The below question is applied specifically for a biotech application but may illustrate general principles for similar problems in other fields. It is an NP-hard problem that can be related to the Traveling Salesman Problem and I am curious what algorithms can be used to arrive at solutions.
Brief Bio background: Proteins are composed of 20 amino acids. DNA is composed of 4 bases - A, C, G, T. The DNA sequence for the protein determines the sequence of amino acids - each consecutive sequence of 3 DNA bases (the unit is called a codon) codes for one amino acid. A single amino acid can be coded by multiple codons, for example Valine has 4 ways of being coded.
Not all codons are made equal - some of them are processed faster than others. Also, not all codon PAIRS are made equal - some pairs are slower than others.
This means that for a particular gene of 100 amino acids (300 DNA bases), there are many ways of coding the same amino acid sequence, but with very different properties, such as processing speed.
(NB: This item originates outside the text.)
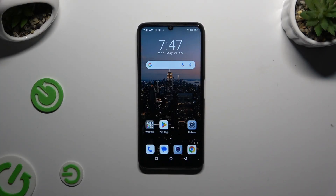In front of me is the BlackView Color 8, and today I would like to show you how you can set up screen lock.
Given a table of codon pairs with corresponding speed values, we'd like to write an algorithm that can output a sequence of desired speed, e.g. the fastest and slowest possible sequences, and a gradient in between. The input is a DNA sequence coding for a gene, and a dictionary of codon pairs and their respective speed score (-1 to 1). The output is the optimized DNA sequence and its whole speed score (which can be represented as a sum of all codon pair scores). The amino acid sequence must remain the same.
Example: if we have sequence AAATTTGGG coding for 3 amino acids, and we have the codon pairs with scores:
AAATTT = -0.5
TTTGGG = -0.5
then this sequence might have a score of -1.
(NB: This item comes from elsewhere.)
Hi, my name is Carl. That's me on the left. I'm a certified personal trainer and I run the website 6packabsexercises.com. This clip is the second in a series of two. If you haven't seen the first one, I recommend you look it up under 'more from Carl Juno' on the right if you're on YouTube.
Now if we also have the pair alternatives we can assess different possibilities:
AAATTG = -0.7 AAATTC = -0.3
TTGGGC = +0.2 TTCGGA = -1.0
One would find that the optimum sequence based on this info is AAATTCGGA since it gives an overall value of -1.3.
The complexity of this problem of course lies in the influence of a codon pair on all surrounding codon pairs.
The full codon pair chart would have 61*61 entries (because 3 codons stop the reading of the gene).
====
Questions
I believe this is an NP-hard problem and has relations to the TSP. I've seen one approach use a simulated annealing algorithm. I'm curious whether there are other insightful ways of considering this problem and corresponding algorithms and heuristics to produce desired outputs.
If dynamic programming, what approaches would be appropriate?
Also, how can we use the algorithm to create a gradient of speed scores, instead of just maximum and minimum values?
Using a genetic algorithm you should be able to get sequences which achieve the desired objective. Say your goal is a speed of x, you can create a population of genes - each coding for the same gene but encoded by different codons. Then select, mate, and mutate for several generations until x is achieved (or close enough). The element of mutation/recombination would have to be at the codon level (as opposed to nucleotide level). To achieve a series of sequences with different speeds, run the algorithm multiple times with the different objective x.